*** Exercise data ***
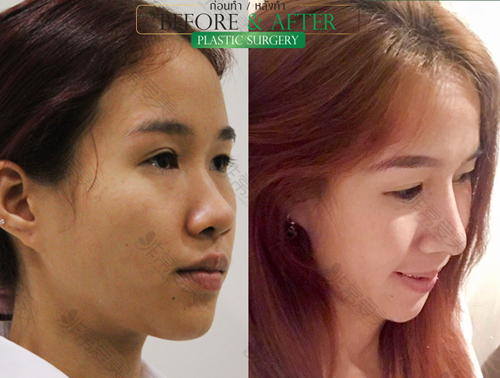泰国Lelux整形外科鼻整形前后对比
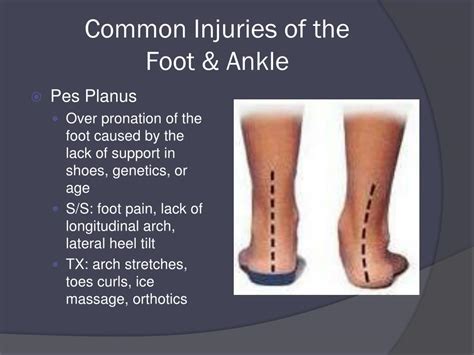 Ppt The Foot Ankle And Lower Leg Injuries Powerpoint Presentation Id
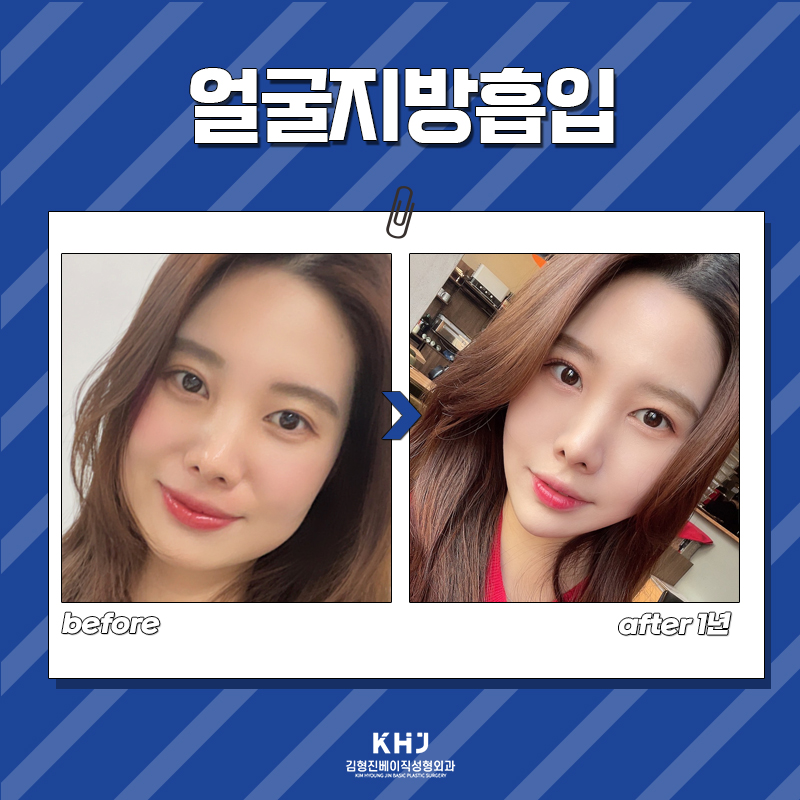 얼굴지흡수술 계속 고민 중이시면 관련 이미지 6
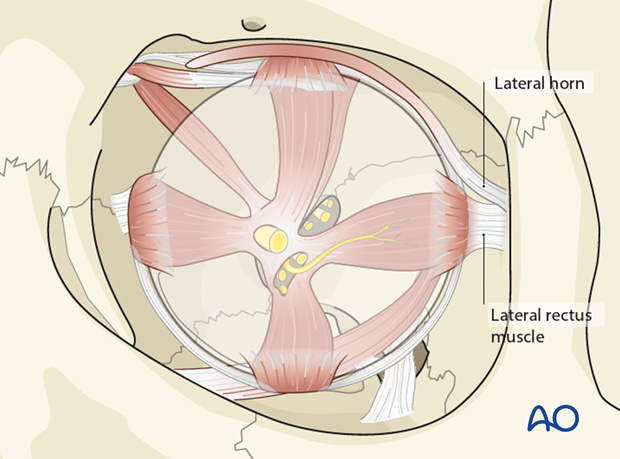 periorbital dissection introduction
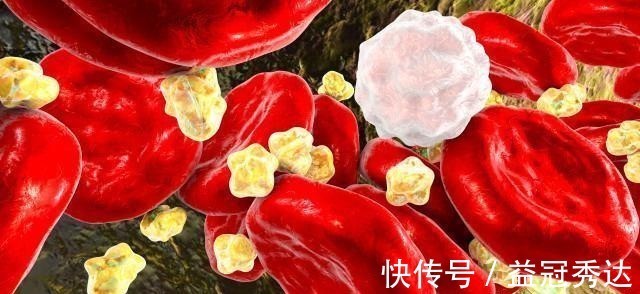 卷心菜|91岁院士研究血脂50年，提醒：3种食物会打垮高血脂“因子”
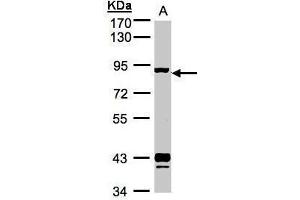 Western Blotting (WB) image for anti-Adrenergic, Beta, Receptor Kinase 1 (ADRBK1) (C-Term) antibody (ABIN2855125)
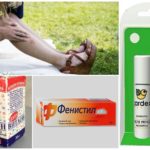 Preparações para picadas de insetos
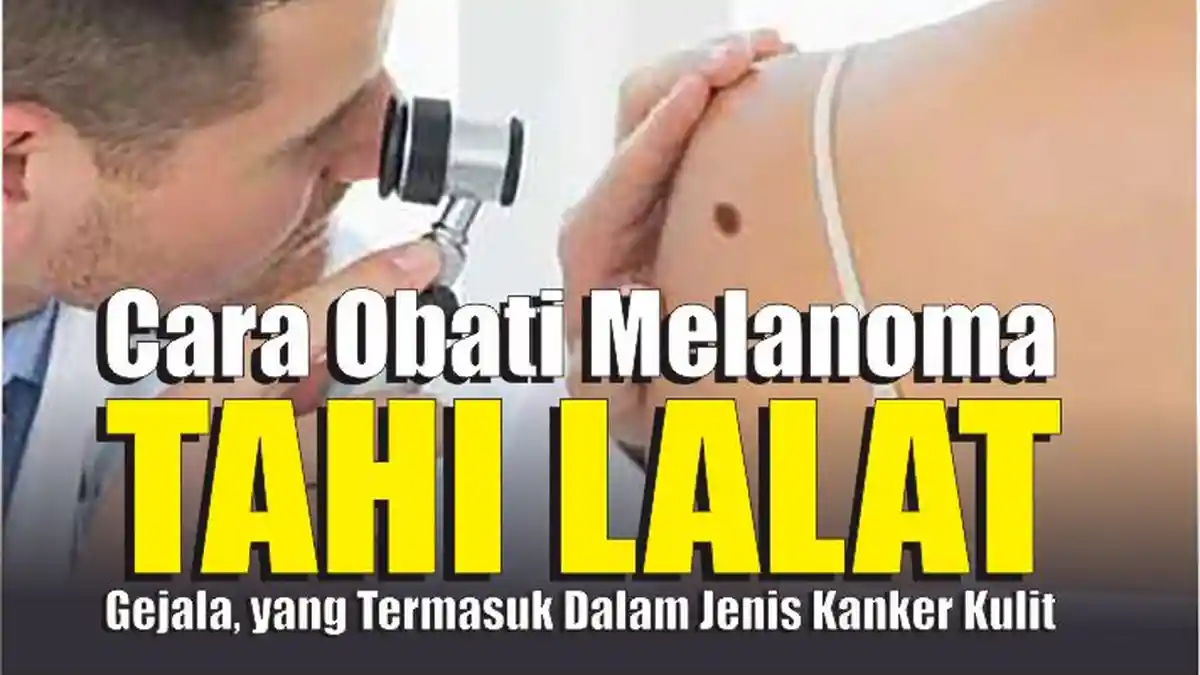 Kenali Gejala dan Pengobatan Melanoma, Tahi Lalat  yang Termasuk Dalam Jenis Kanker Kulit
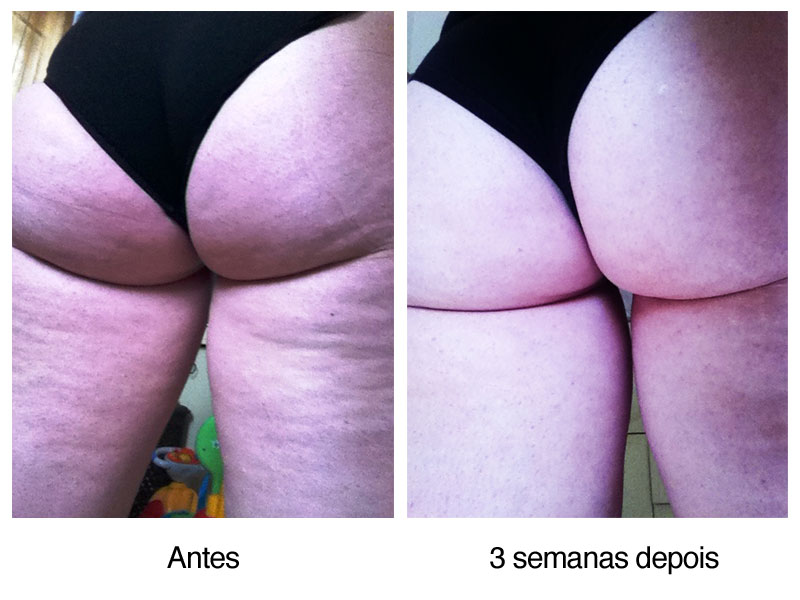 Celulite Antes e Depois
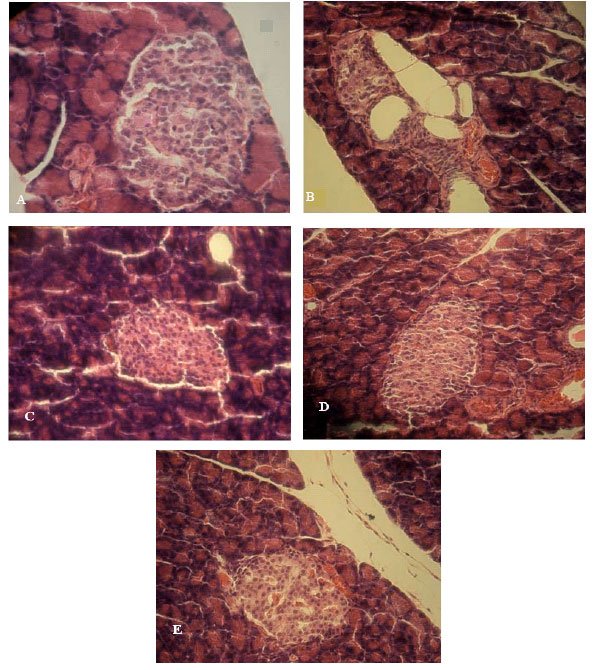 Image for - The Effect of Equisetum arvense L. (Equisetaceae)  in Histological Changes of Pancreatic β-Cells in Streptozotocin-Induced  Diabetic in Rats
*** End of Exercise data ***
## Task requirements
The answer must consist solely of the lines from the first line of the data through the line containing "Preparações para picadas de insetos", inclusive, reproduced exactly and without pictures.

## Reply
泰国Lelux整形外科鼻整形前后对比
 Ppt The Foot Ankle And Lower Leg Injuries Powerpoint Presentation Id
 얼굴지흡수술 계속 고민 중이시면 관련 이미지 6
 periorbital dissection introduction
 卷心菜|91岁院士研究血脂50年，提醒：3种食物会打垮高血脂“因子”
 Western Blotting (WB) image for anti-Adrenergic, Beta, Receptor Kinase 1 (ADRBK1) (C-Term) antibody (ABIN2855125)
 Preparações para picadas de insetos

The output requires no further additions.